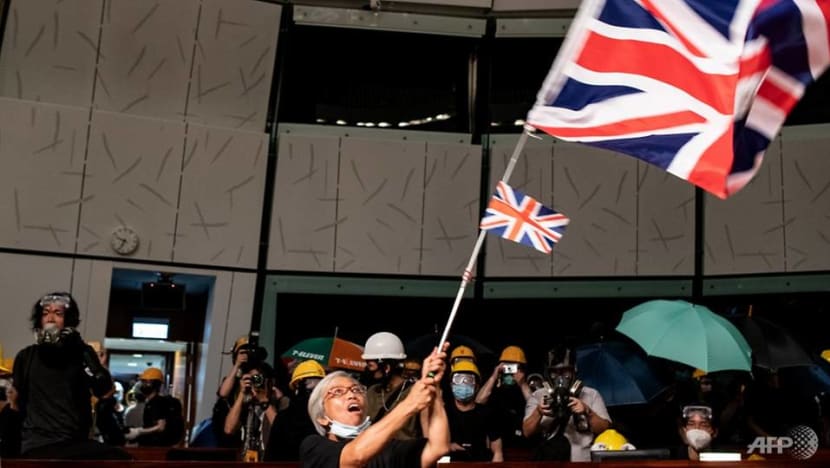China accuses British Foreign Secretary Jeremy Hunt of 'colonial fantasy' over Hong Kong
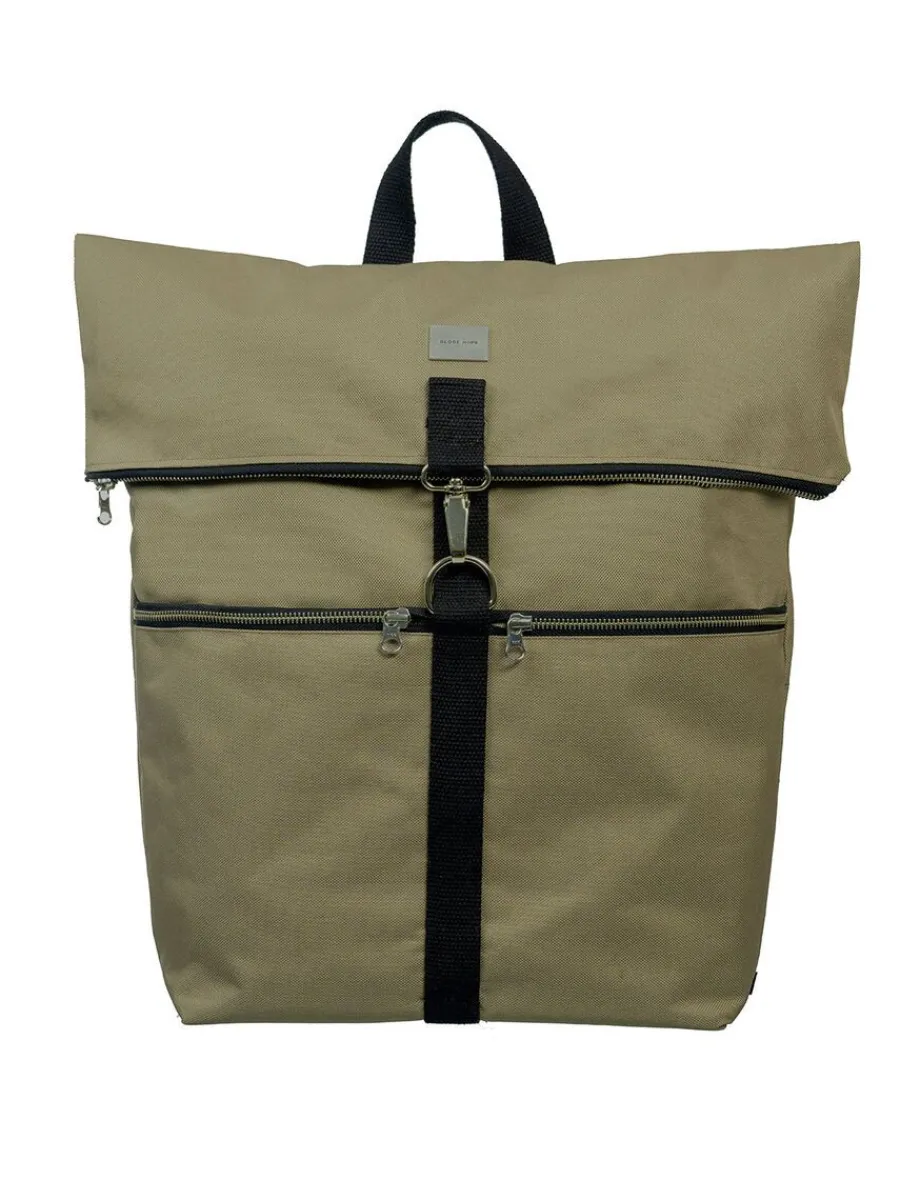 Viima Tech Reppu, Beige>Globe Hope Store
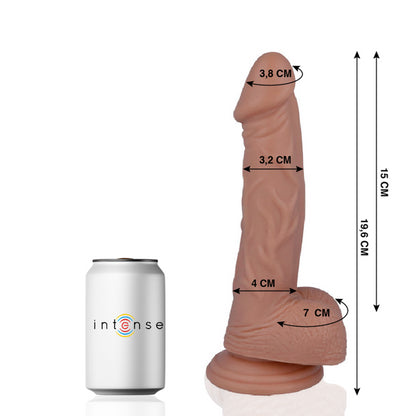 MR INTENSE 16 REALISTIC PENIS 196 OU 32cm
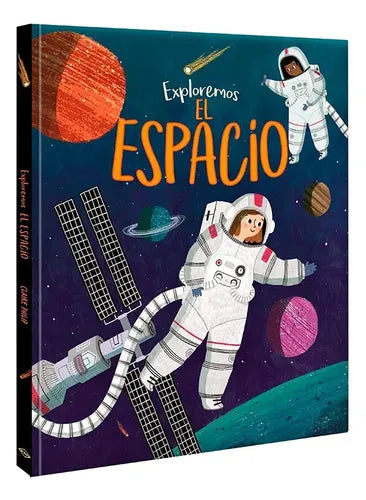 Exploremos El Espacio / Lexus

════════

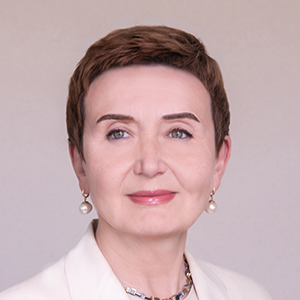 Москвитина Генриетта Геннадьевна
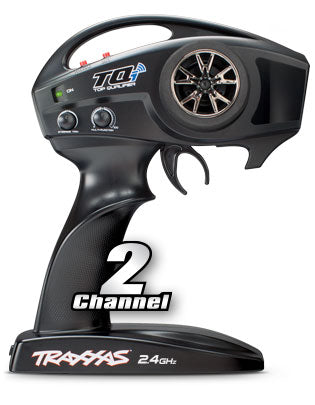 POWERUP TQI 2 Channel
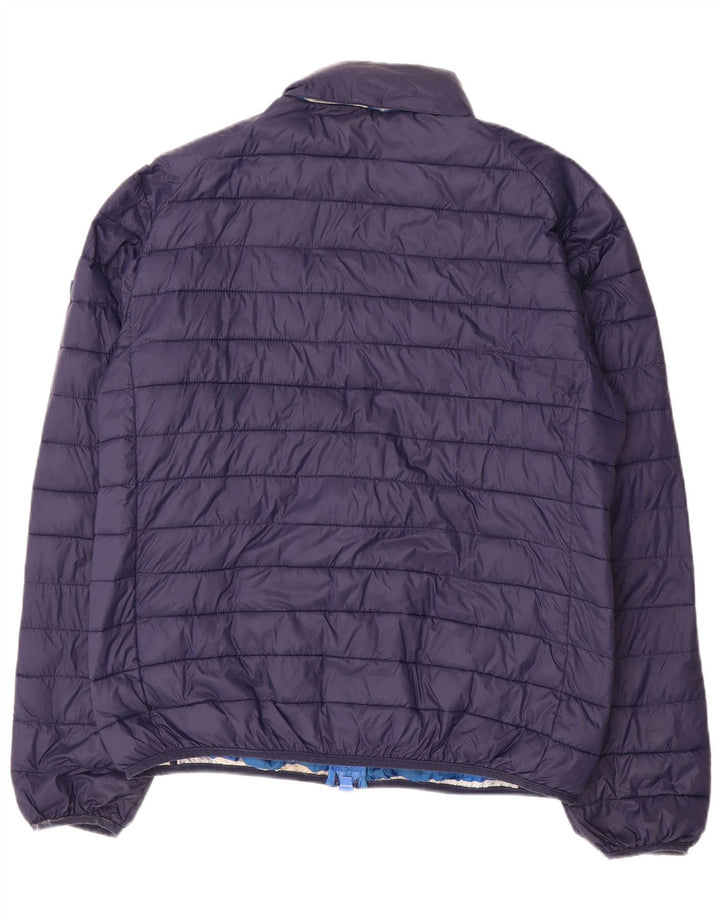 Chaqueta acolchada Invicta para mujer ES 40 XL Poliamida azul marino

════════

## TASK DIRECTIONS
Working from the entries above, please transcribe only the lines from the line with "Москвитина Генриетта Геннадьевна" through the line with "Chaqueta acolchada Invicta", exactly, with both end lines and without pictures.

## RESPONSE
 Москвитина Генриетта Геннадьевна
 POWERUP TQI 2 Channel
 Chaqueta acolchada Invicta para mujer ES 40 XL Poliamida azul marino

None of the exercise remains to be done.